Here's What Others Have to Say
Truth is a central, unifying, element of this work: The author follows her description of the Native American Medicine Wheel and its four compass directions, with her exposition of “Flowers: The Medicine Wheel of Truth”. To actualize that latter wheel, she carved out a circular space from her lawn and in it, created a real meadow, that spawned “wild” plants and flowers. Among those were thirteen plants and flowers–plantains, wild strawberries, dandelions among them– that she assigned, respectively, to the thirteen places on the wheel. To do that, she communed with wisdom imparted to her from the plants themselves. About this, she says: “I followed my heart and created this meadow with nature”. She emphasizes our role as co-creators with nature.
Each plant (and space on the wheel) represented an aspect of the Truth: Learning the Truth; Speaking the Truth; and so on. For each such aspect of truth, she goes into some depth, using real stories and examples from everyday life, in her exposition of that aspect of Truth. It is
also a gentle call for us to live the truth in it its many aspects, in our own lives.
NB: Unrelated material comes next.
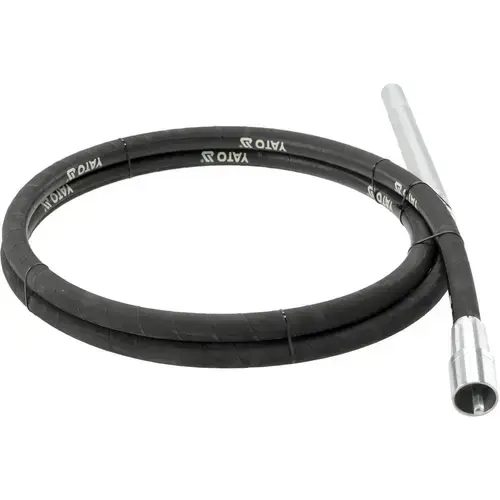 Furtun cu lance 4M pentru Vibrator de Beton Yato YT-82596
Along her way of delving into the various aspects of our living each truth, she includes what amounts to a mini-course on the medicinal benefits of these plants. In this she draws on knowledge gained from her academic degrees in Nursing and Nutrition Science, and her experience associated with teaching Holistic Health Studies and Nutrition Science at both university and college levels.
I was struck on more than a few occasions at some of the (to me) surprising information I learned about various plants, that evoked in me a paradigm shift. As, for example, with the ubiquitous dandelions and poison ivy. This book is full of delightful surprises.
The four main themes of “At The Garden’s Gate”–The Medicine Wheel; the meadow; Flowers: The Medicine Wheel of Plants; and the author’s personal life’s journey during her years with the meadow–are deftly woven together with sensitivity, reverence for the body and spirit of nature and of ourselves, and with candid highlights of some aspects of the author’s self-knowledge gained along the way of her life’s journey.
“At The Garden’s Gate” is a highly sensitive, honest, informative, clearly-written, and inspiring portrait of the author’s seeking quest to deeply understand, gain wisdom from, and apply to her own life, lessons learned from tuning into an intuitive, intimate relationship with nature. It is guided, in part, by Native American teachings (The Medicine Wheel) which the author mentions corresponds in some ways to similar lessons gleaned from eastern philosophies.
The author’s love and reverence for nature and for our own lives is infectious. This book, though profound, is enjoyable and easy to read. I highly recommend it to all.